## Provided data

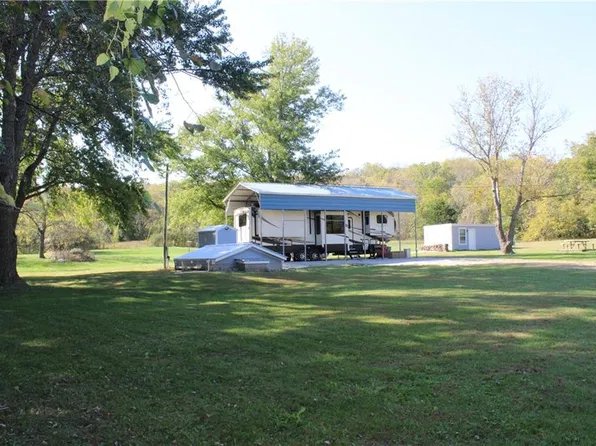 964 Doty School Rd, Bates City, MO 64011
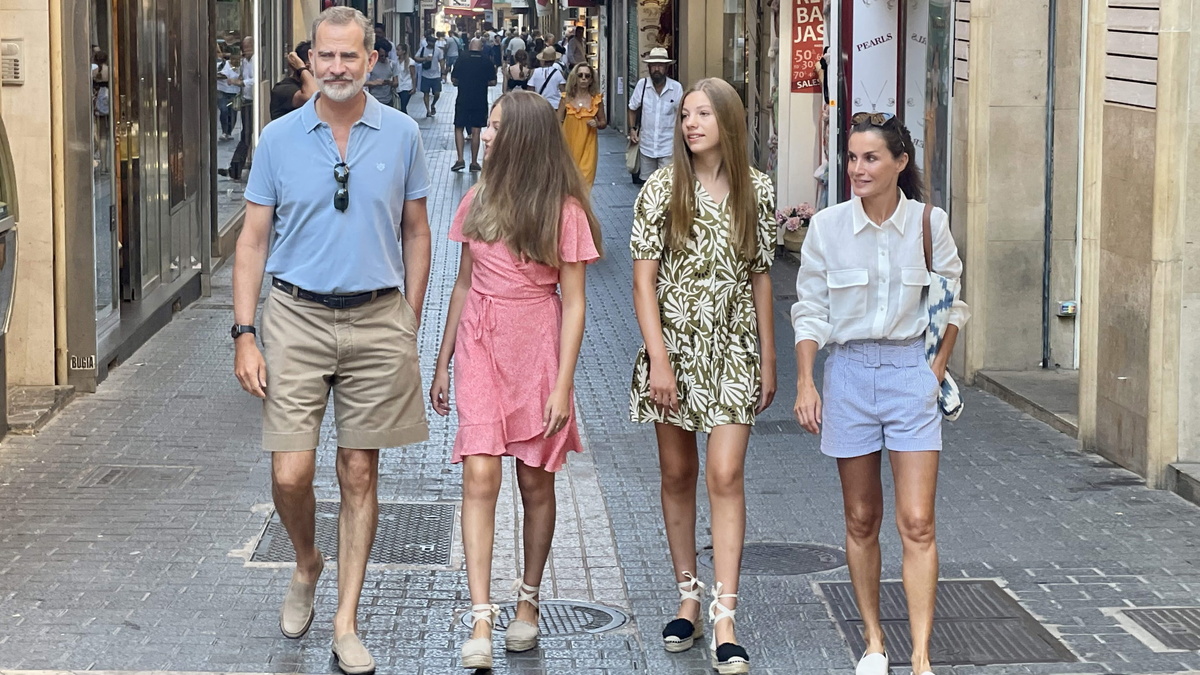 21 век на дворе: в Сети пытаются отстоять право королевы Испании на голые ноги 
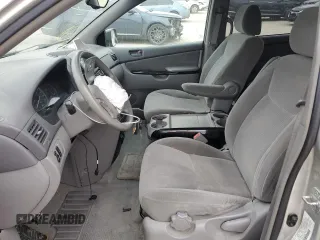 2004 Toyota Sienna CE with VIN 5TDZA23C34S044504, listed as a Copart auction lot 47039055 with 124,056 mi miles and Salvage Title. Bid and sale history available at carsss.com. Image 7.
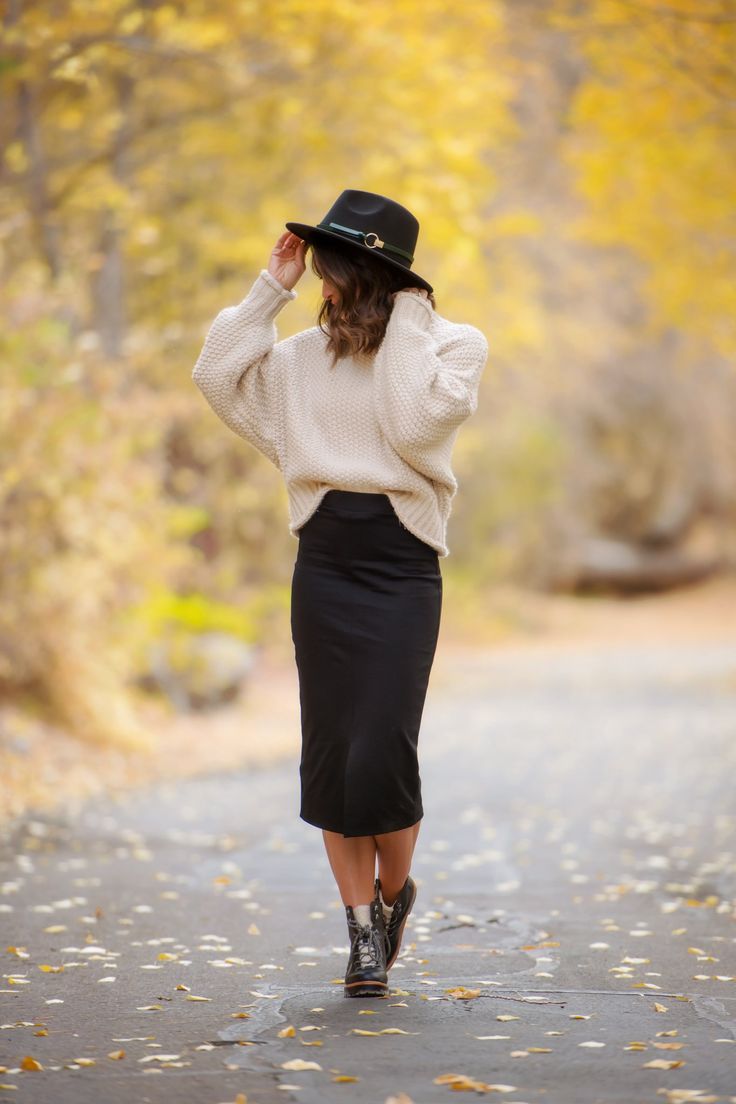 Brigitte Brianna Skyline Skirt – SexyModest Boutique Business Casual Boho Outfits, Black Skirt Cream Sweater, Tznius Fashion Winter, Aline Skirt Outfit Winter, 30s Women Outfits, Sweaters With Long Skirts, Shoes For Pencil Skirt, Cute Fall Modest Outfits, Womens Modest Fashion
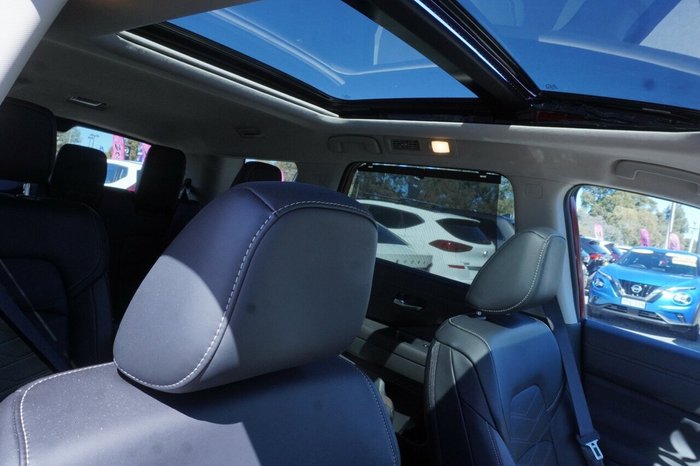 2023 Nissan Pathfinder Ti-L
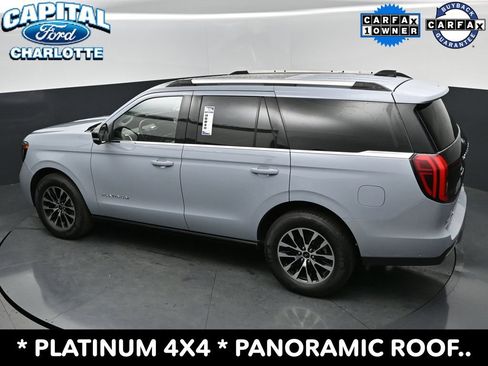 Used 2025 Ford Expedition Platinum AWD/4WD image 31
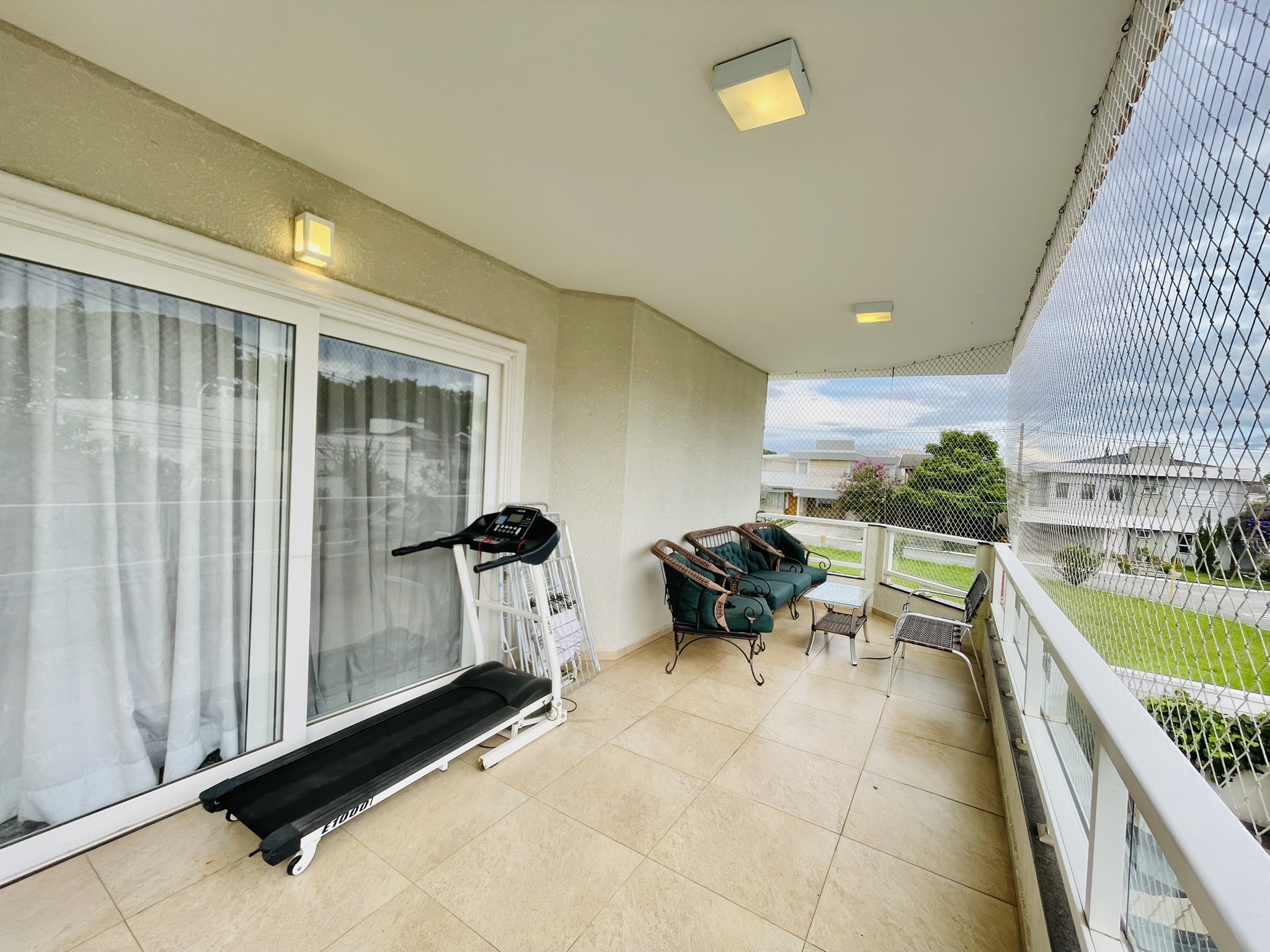 Casa para venda com 4 dormitórios no Condomínio Campos Do Conde I em Tremembé/SP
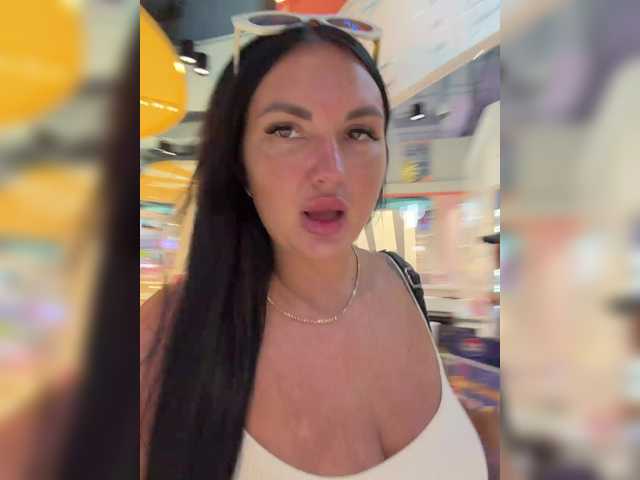 Entra en el chat con el modelo KROSHKA_N KROSHKA_N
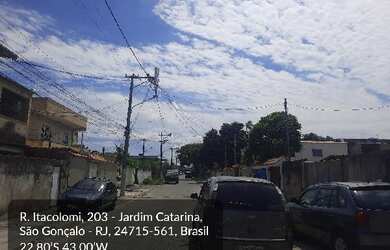 Imagem: A casa possui 1 Dormitório, 1 Banheiro, 1 Vaga na garagem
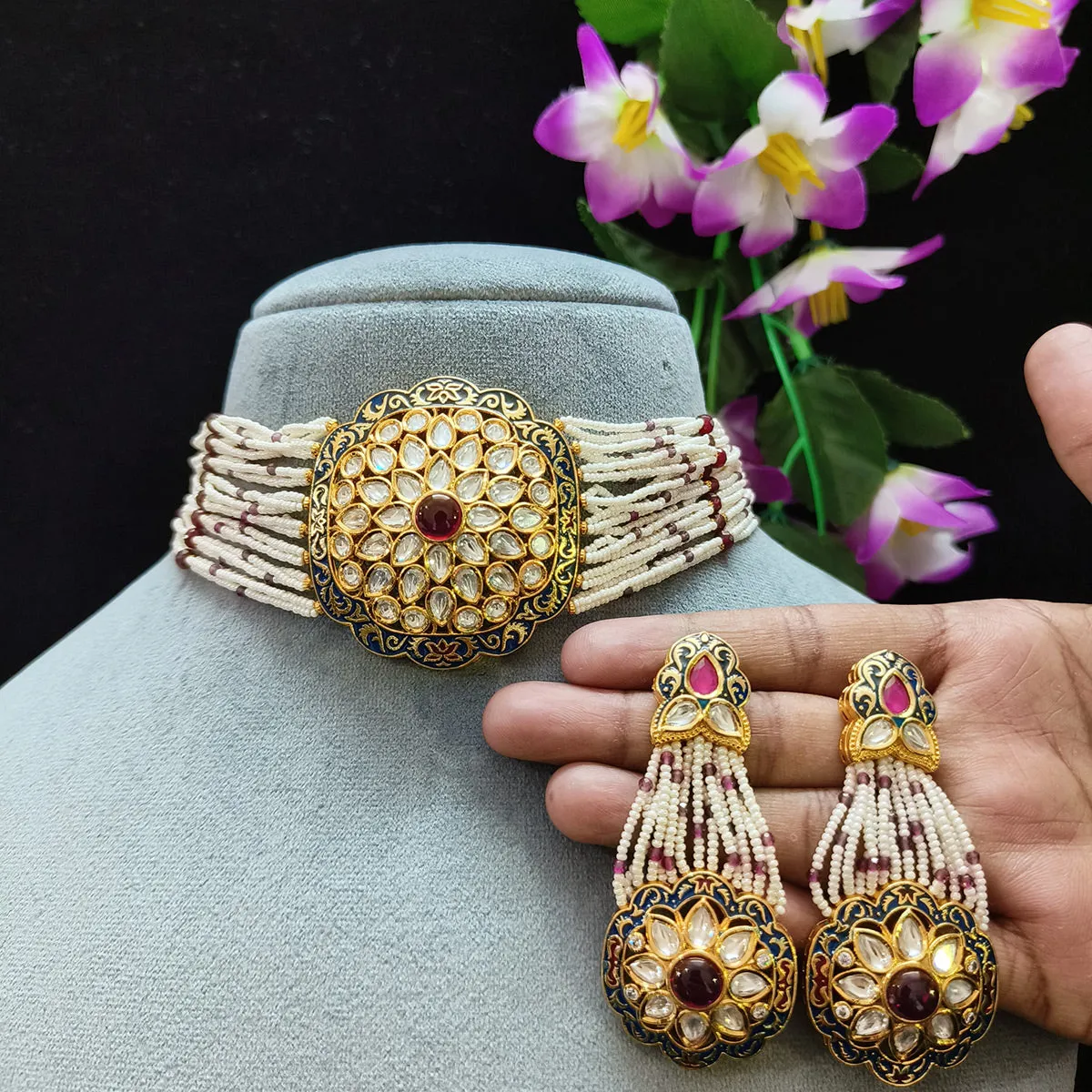 Designer Gold Plated Royal Kundan & Choker Style Necklace With Earrings (D396)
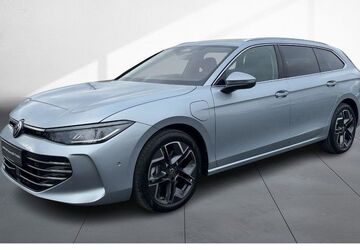 VW Passat Variant 5.800 km 61.890 &euro; Dresden 01067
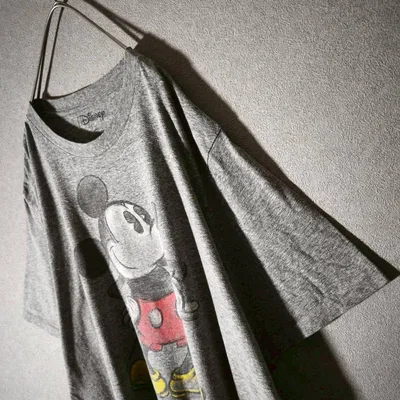 希少XL★Disney Tシャツ 全身ミッキープリント ビッグロゴ グレー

## Task to complete
What you give back should be exactly the lines from the line holding "2023 Nissan Pathfinder Ti-L" through the final line of the material, both ends included, and please leave out the pictures.

## Your response
 2023 Nissan Pathfinder Ti-L
 Used 2025 Ford Expedition Platinum AWD/4WD image 31
 Casa para venda com 4 dormitórios no Condomínio Campos Do Conde I em Tremembé/SP
 Entra en el chat con el modelo KROSHKA_N KROSHKA_N
 Imagem: A casa possui 1 Dormitório, 1 Banheiro, 1 Vaga na garagem
 Designer Gold Plated Royal Kundan & Choker Style Necklace With Earrings (D396)
 VW Passat Variant 5.800 km 61.890 &euro; Dresden 01067
 希少XL★Disney Tシャツ 全身ミッキープリント ビッグロゴ グレー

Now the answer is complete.